Too many citizens are drunk with their seemingly flush investments, including 401(k)s and IRAs, and they are failing to see the warning lights, far less pay any attention to them. It's much too easy to just coast and enjoy the economic bounty while it lasts  - besides it's believed it's about the only positive aspect to the Trump Imperium's reign.  Most economists, even those who are citing the warning signs, grudgingly concede the dousing of regulations (i.e. citizen protections) as well as the tax cuts of last year- have ginned up the economy.  Others have rightly warned that basic economics says you do not gin up or stimulate an already humming economy because it risks inflation - and that means the Federal Reserve raising interest rates. That scenario carries the same horrific specter for the markets as crucifixes do for vampires.

The other aspect missed by too many in their stock and bond hubris, is the fact the stock market was revved up after GE was replaced in the Dow Jones Industrial Average lineup by Walgreens, after being a member company for more than a century.. 
How many are aware, for example, that that Dow was also 'adjusted' ('juiced' by might be a better term) on March 17, 1997? And by the people that invented it (Dow Jones, Inc.)? As Jay Hancock notes ('Dow Index Detaches from Reality', The Baltimore Sun, April 4, 1999, p. 1E):

Quote:

A committee of green eyeshade types juiced the lineup, blackballing four down-at-heel Dow members and picking ringers as replacements. Out went Bethlehem Steel, Woolworth, Texaco and Westinghouse. In came Johnson & Johnson, Wal-Mart, Hewlett-Packard and Travelers. One -eighth of the Dow membership changed that day, but you'd never know it from looking at those mountainous Dow graphs....Without the switch, by my calculation, the Dow would have been near 9,000 last week. Not 10,000.

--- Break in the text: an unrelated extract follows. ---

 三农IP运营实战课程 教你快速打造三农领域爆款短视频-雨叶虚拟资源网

What Hancock is basically saying, is that the alleged stock market upon which folks are basing their retirements and long term investments is a myth. It doesn't really exist because it lacks any fixed identity, e.g of component companies, over time..  It's like a human who changes personas every so often so no one can remotely know who he is.. That may sound like no problem, but it means the human's short and long term behaviors are unpredictable and it means the same for a stock market predicated on a DJIA subject to expedient reshuffling.  It also renders the frequent citations of rate gains over long periods of time, e.g. "7 % per year"  gains or whatever, totally fictitious. Since the identity of the DJIA alters with each replacement, or substitution it can't be the same over long duration. So you can't cite a fixed average gain - which implies component stability - over decades,. say from 1987 until now.  

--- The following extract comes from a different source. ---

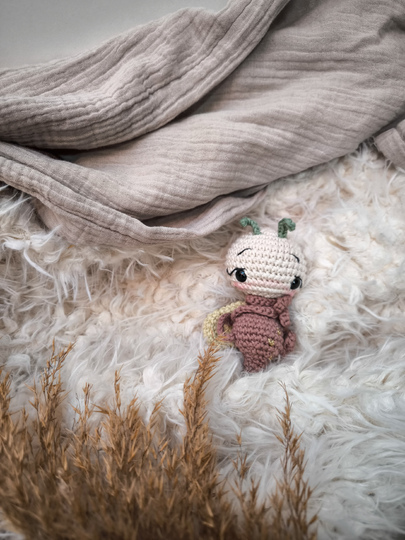 Crochet Pattern Evie Springtime Beetle & Butterfly PDF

Indeed as a WSJ piece notes ("In GE Ouster, Dow's limits Stand Out', June 21, p. B12):

"The Dow Jones Industrial Average has ejected numerous Blue Chip companies over the past decade including miner Alcoa Inc., Westinghouse Electric Corp. and this week General Electric Co."

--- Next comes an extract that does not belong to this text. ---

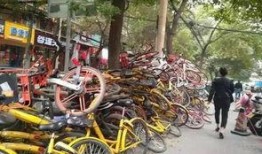 郑州自行车最新爆料视频,揭秘城市绿色出行新潮流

Nor are serious market watchers particularly happy with this state of affairs.  Robert Pavlik, senior portfolio manager and chief investment strategist at SlateStone Wealth said of the decision to drop GE (ibid.):

"Honestly, I didn't like the move. It's supposed to be an industrial average that is reflective of the overall economy of the United States, and if that's the case then why replace it with Walgreen's?"

Well, the only reason would be to juice the index, by changing its identity - again reinforcing my point that what people are investing in lacks any persistent identity. Basically, people are pouring their money into an extravagant "pig in a poke". Most ominously (ibid.):

"The removal of troubled businesses appears to have helped keep the index moving higher."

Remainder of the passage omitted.